#### [Exercise]
Nothing but the lines from the one containing "Condo in Aventura, Florida, 2" through the end of the data should be retyped, exactly as they stand, and pictures should not be retyped.

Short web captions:
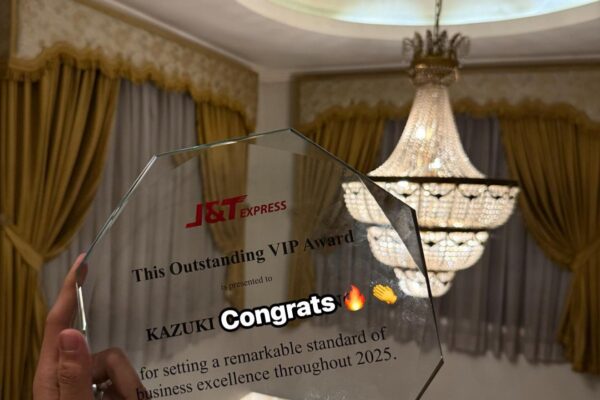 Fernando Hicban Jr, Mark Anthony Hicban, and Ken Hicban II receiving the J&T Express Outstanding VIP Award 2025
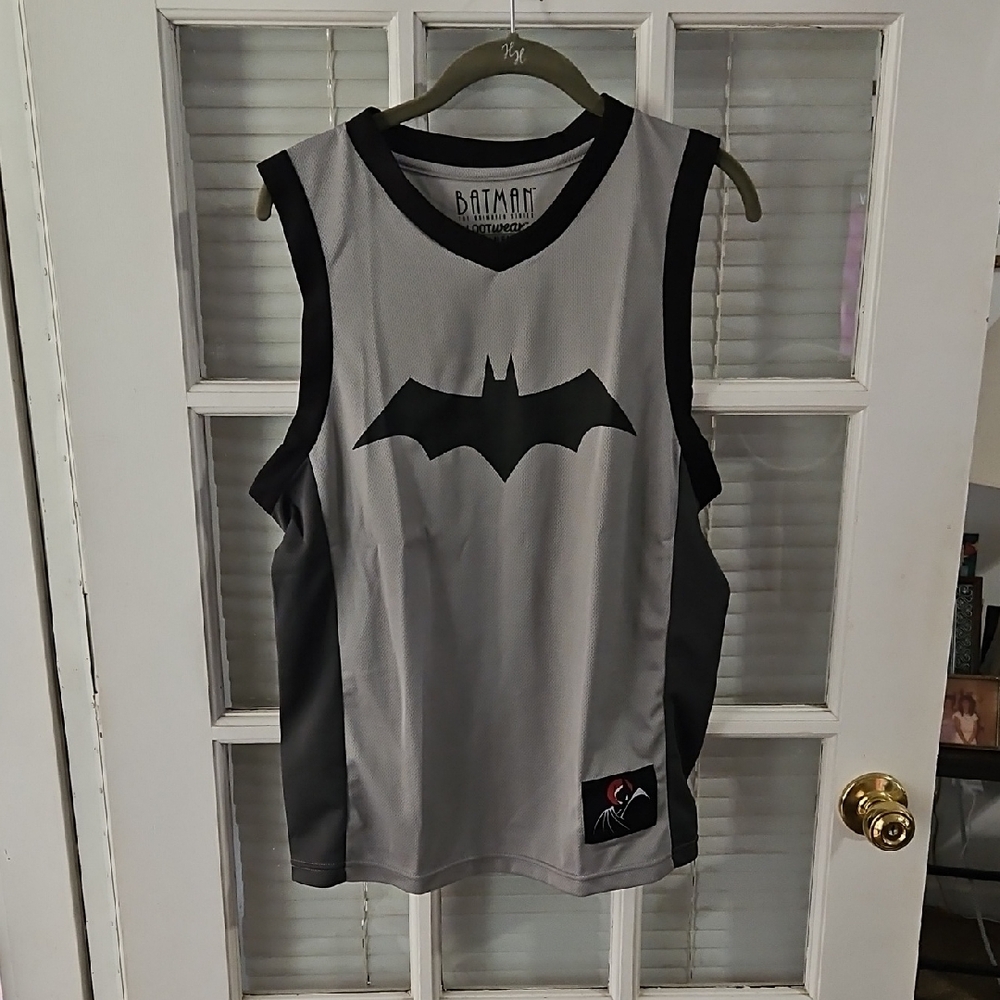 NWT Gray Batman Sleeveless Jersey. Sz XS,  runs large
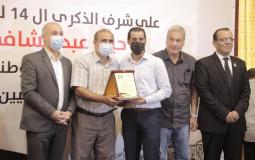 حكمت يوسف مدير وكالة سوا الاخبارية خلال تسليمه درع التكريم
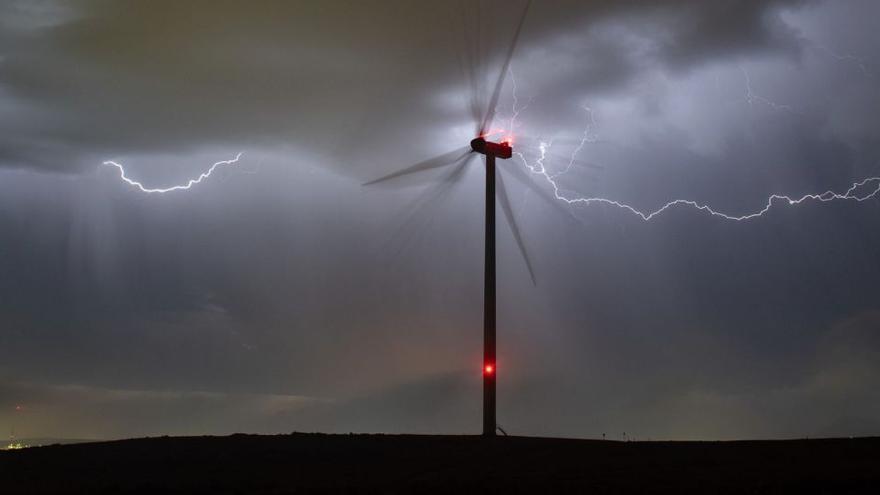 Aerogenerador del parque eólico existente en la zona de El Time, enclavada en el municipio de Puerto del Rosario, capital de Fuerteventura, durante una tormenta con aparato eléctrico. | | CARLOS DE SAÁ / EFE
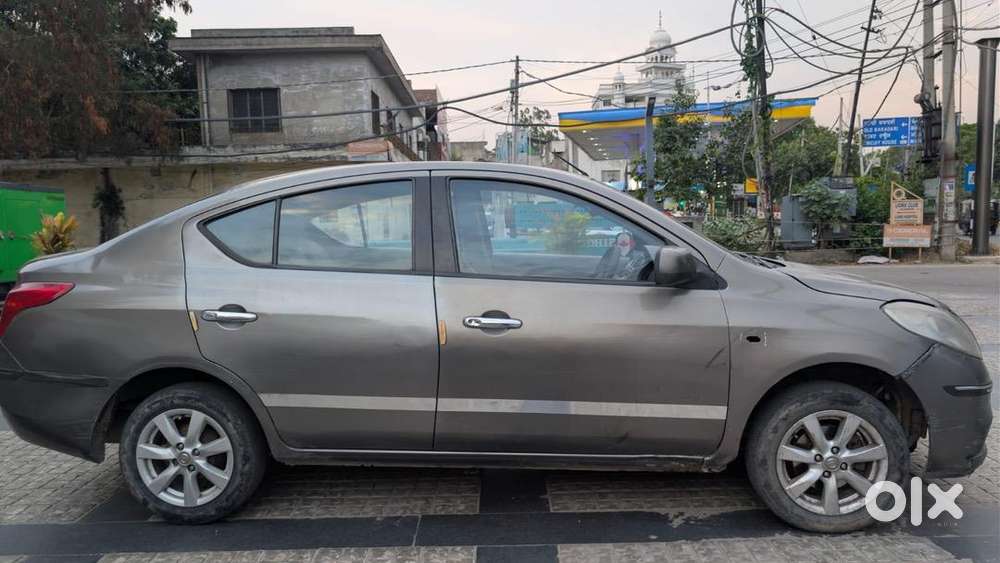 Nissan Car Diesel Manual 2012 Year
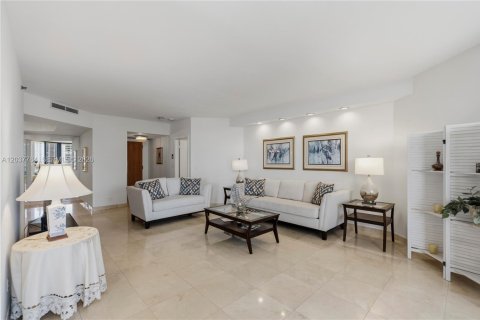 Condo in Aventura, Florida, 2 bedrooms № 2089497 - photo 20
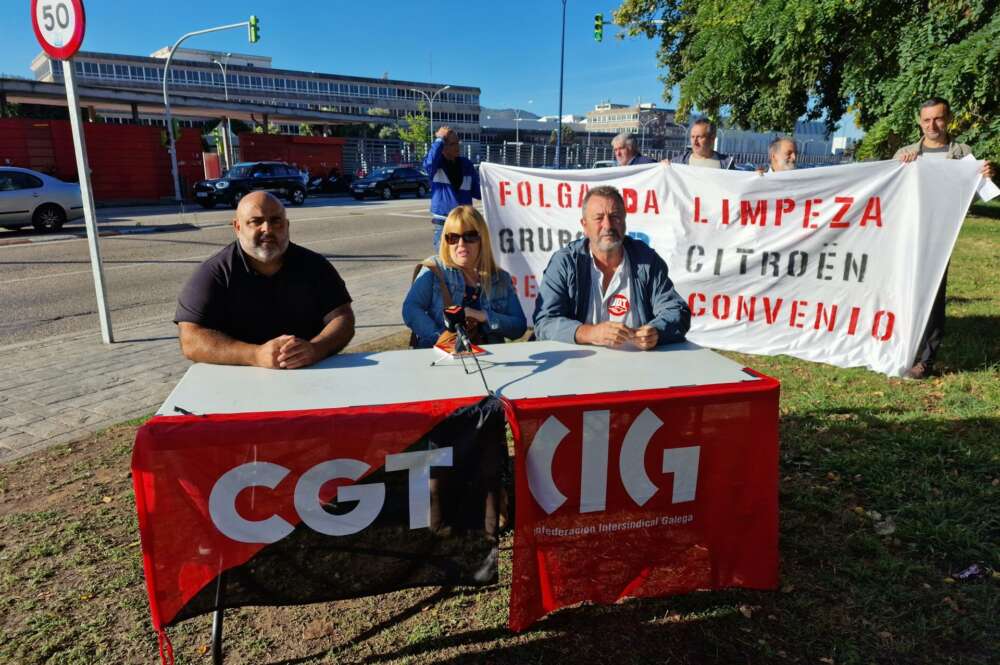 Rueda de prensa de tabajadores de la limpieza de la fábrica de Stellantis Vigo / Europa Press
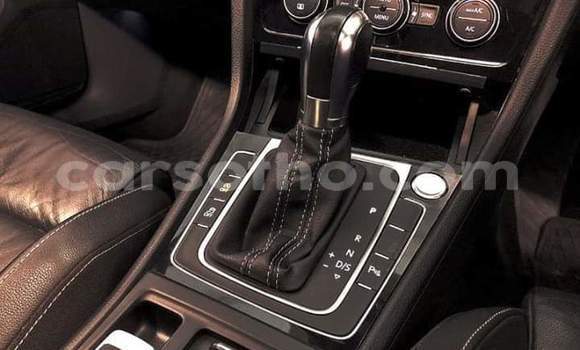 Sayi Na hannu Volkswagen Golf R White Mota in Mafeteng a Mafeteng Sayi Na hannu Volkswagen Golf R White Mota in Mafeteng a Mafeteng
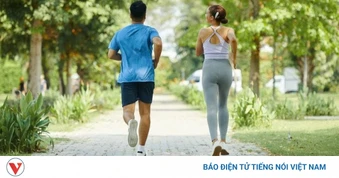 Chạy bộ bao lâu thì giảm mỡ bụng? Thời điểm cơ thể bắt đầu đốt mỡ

#### [Answer for this exercise]
 Condo in Aventura, Florida, 2 bedrooms № 2089497 - photo 20
 Rueda de prensa de tabajadores de la limpieza de la fábrica de Stellantis Vigo / Europa Press
 Sayi Na hannu Volkswagen Golf R White Mota in Mafeteng a Mafeteng Sayi Na hannu Volkswagen Golf R White Mota in Mafeteng a Mafeteng
 Chạy bộ bao lâu thì giảm mỡ bụng? Thời điểm cơ thể bắt đầu đốt mỡ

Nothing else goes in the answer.